In the face of the pacing challenge from China and threats from Russia, Iran, North Korea and extremist groups, the Defense Department must transition from experimentation and prototyping to fielding capabilities much more quickly, Deputy Defense Secretary Kathleen H. Hicks said.
Hicks provided virtual keynote remarks Aug. 31 for the Defense Advanced Research Projects Agency's "Forward Conference: Advancing the Horizons of National Security," held at Colorado State University in Fort Collins, Colorado.
"Today, we have to evolve faster than the threats evolve, which means our capabilities must be designed and built to be flexible, adaptable and interoperable from the beginning. We must keep building and growing our enduring advantage," she said.
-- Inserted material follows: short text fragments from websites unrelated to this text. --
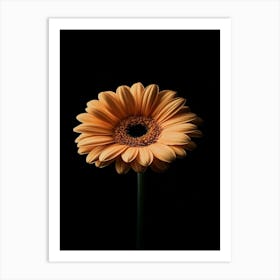 Gerbera Daisy 7 Art Print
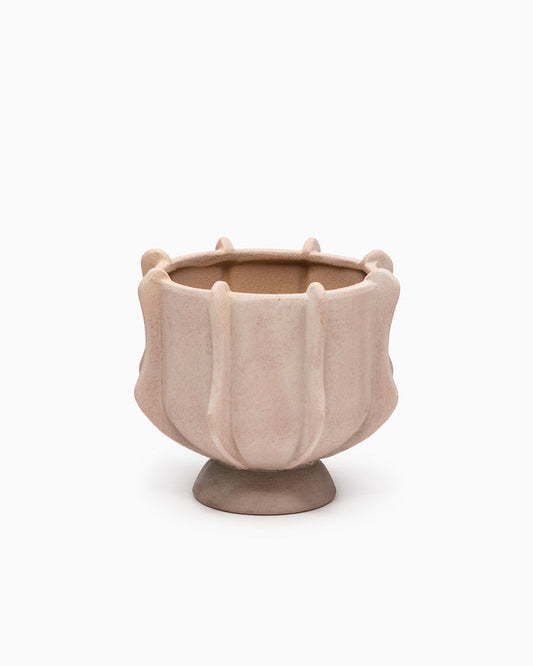 Claudia Compote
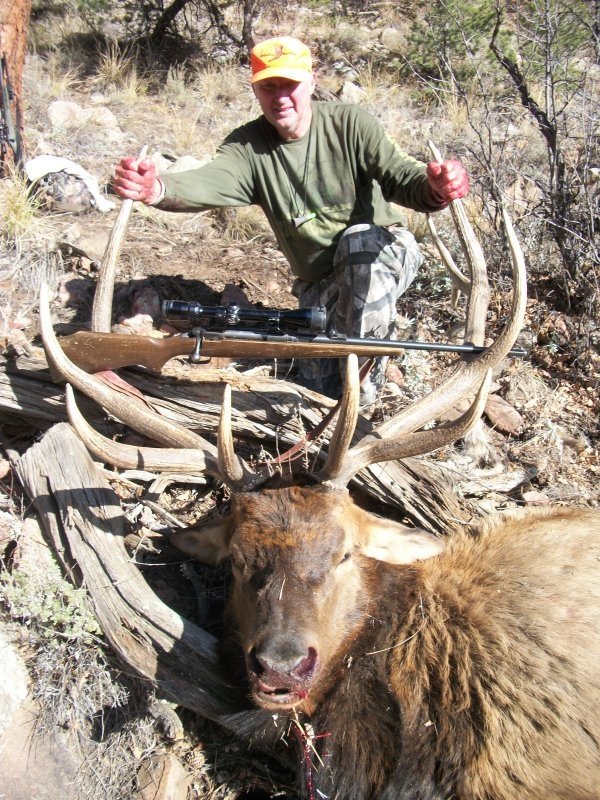 65102011_bull_elk_036.jpg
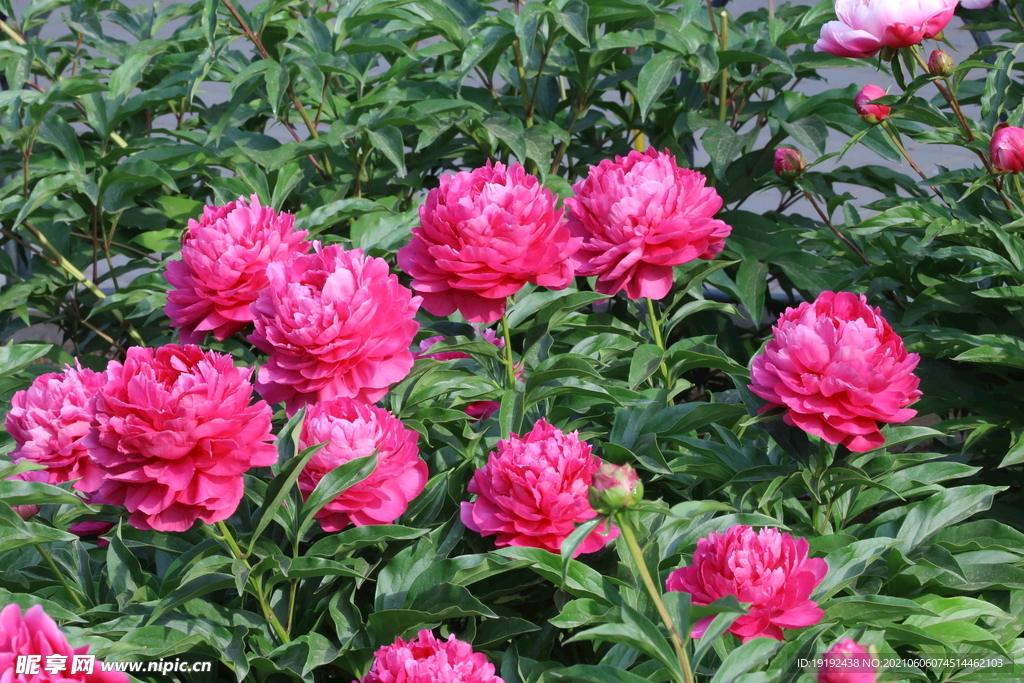芍药花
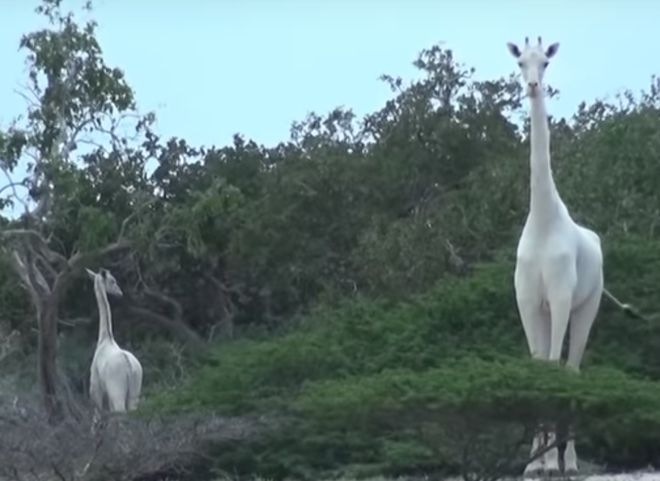В Кении нашли останки двух редких белых жирафов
"Simply put, we don't have decades to wait for the latest and greatest concepts and capabilities to proliferate across our military forces. We have to shrink that 'lab-to-fab' timeline from decades to years, or even months — which means we've got to be thinking early and often about what happens after DARPA approves a concept and prototypes a capability," Hicks said, meaning to shorten the timeline between laboratory experiments to fabrication and fielding.
For example, when DARPA initiated the project that led to the first experimental stealth aircraft, Have Blue, to when DOD fielded an operational F-117 Nighthawk, that took nearly a decade, she said.
It took another decade for stealth technology to be incorporated into an operational B-2 bomber — and another decade or two after that for stealth to be mainstreamed across much of DOD's combat aircraft fleet, in the form of the F-22 and the F-35 stealth fighters.
"Perhaps that timeline was tolerable in the Cold War, when our main strategic competitor was relatively lumbering and slow," but not in today's fast-paced technologically changing world, she said.
Besides speed, greater collaboration, thinking and acting across sectors and across borders in close coordination with allies and partners will be even more important, because there is so much great innovation happening, whether it's in the commercial sector or in the science and technology ecosystem, she said.
"As a nation, and together with those allies and partners, we have what it takes. And any other country that might doubt our ability, our ingenuity, our commitment and resolve, should think again," she said.